The coefficient for wt is negative, indicating that as the weight of the car increases, the fuel efficiency decreases.
A high \(R^2\) value would indicate a strong relationship between wt and mpg.
A small p-value for wt (typically less than 0.05) would suggest that the relationship we observe is statistically significant.

Checking Regression Assumptions

After fitting a linear regression model, it is critical to check that the assumptions underlying the model are satisfied. We can use diagnostic plots to examine these assumptions:

Linearity: The relationship between predictors and the response variable should be linear.
Homoscedasticity: The variance of the errors should be consistent for all values of the predictors.
Normality: The residuals should be approximately normally distributed.
Independence: The residuals should be independent of each other.

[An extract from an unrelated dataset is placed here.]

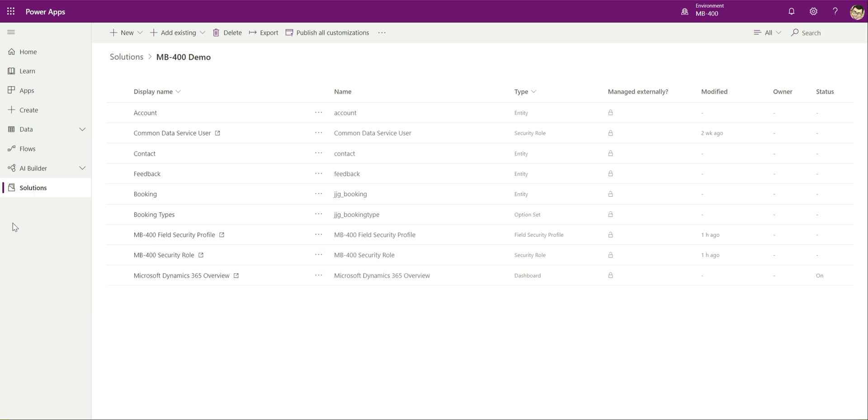In today's video we're going to be taking a look at Canvas Power Apps. In the previous video in the series we saw a different type of Power Apps, a model driven app. They're best suited for scenarios where you're working directly with the common data service CDS database and you focus on building data driven applications.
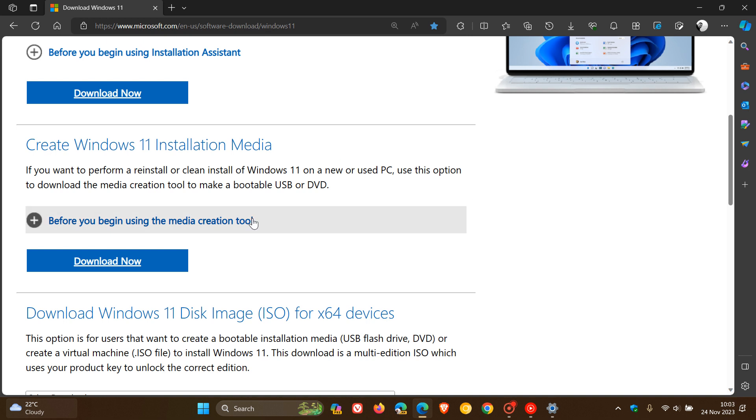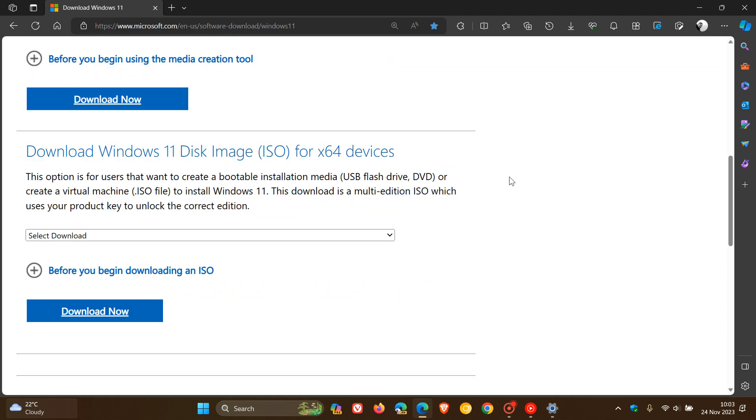For example, if you're using the media creation tool and installing Windows with a Windows 11 23H2 disk image ISO file, you could be experiencing this problem with Narrator. Microsoft says it should continue to work as expected once the installation is complete, so it's only affecting Narrator during the installation process.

par(mfrow=c(2,2), mar=c(2, 2, 2, 2))
plot(model)

Checking Regression Assumptions - Plot

Conclusions from Regression Analysis

The analysis of the mtcars dataset using simple linear regression provided the following insights:

There is a statistically significant negative relationship between the weight of a car (wt) and its fuel efficiency (mpg), with a p-value much less than the standard significance level of 0.05.
The coefficient for weight suggests that for each 1,000 lb increase in weight, the car’s fuel efficiency decreases by an average of approximately 5.34 mpg.
The \(R^2\) value of 0.7528 indicates that approximately 75% of the variability in fuel efficiency can be explained by the car’s weight.

These findings could have important implications for automobile design, where reducing the weight of a vehicle could be a key strategy for improving fuel efficiency.

Further analysis could involve examining the impact of other variables, performing multiple regression, and validating these findings with additional data.